Brief Report: No Evidence for Parvovirus B19 or Hepatitis E Virus as a Cause of Acute Liver Failure

Digestive Diseases and Sciences (Impact Factor: 2.61). 09/2006; 51(10):1712-1715. DOI: 10.1007/s10620-005-9061-5
Source: PubMed


Viral hepatitis A and B are known to cause acute liver failure. While nearly 20% of acute liver failure cases are of indeterminate
etiology, screening for other viruses has not been uniformly performed. We looked for evidence for parvovirus B19 and hepatitis
E virus in sera from U.S. acute liver failure patients. For B19, 78 patients’ sera, including 34 with indeterminate etiology,
were evaluated by DNA dot-blot hybridization, reverse transcription polymerase chain reaction, and enzyme-linked immunosorbent
assay for immunoglobin G and M antibodies; none showed evidence for infection.
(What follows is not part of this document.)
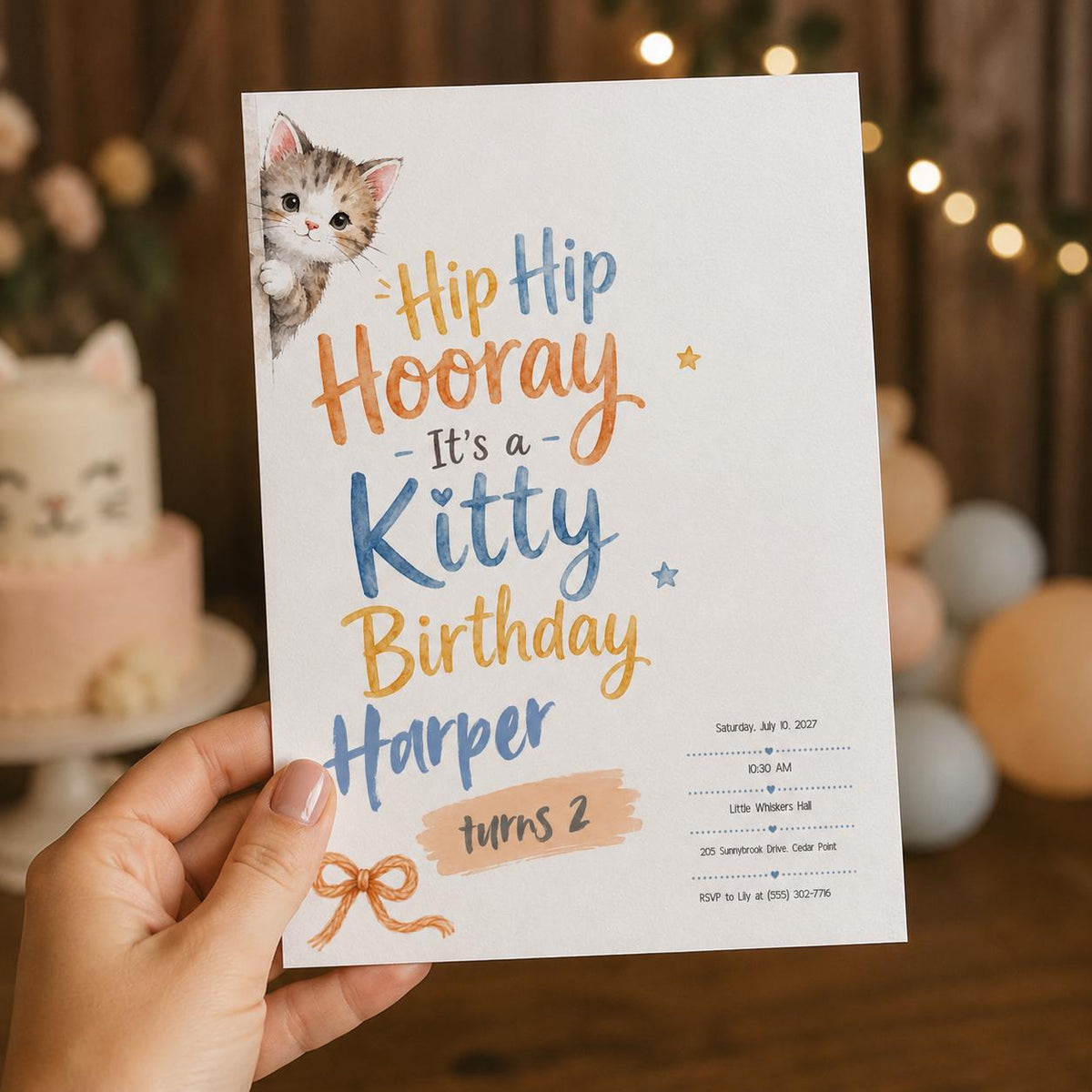 Blue and Orange Kitty Birthday Invitation — minimalist birthday party design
In like manner, 126 patients’ sera were analyzed
for hepatitis E virus RNA by reverse transcription polymerase chain reaction and for hepatitis E virus immunoglobin G and
M antibodies by enzyme-linked immunosorbent assay; no acute hepatitis E virus cases were identified. If a unique acute liver
failure virus exists, it is neither of these candidate agents.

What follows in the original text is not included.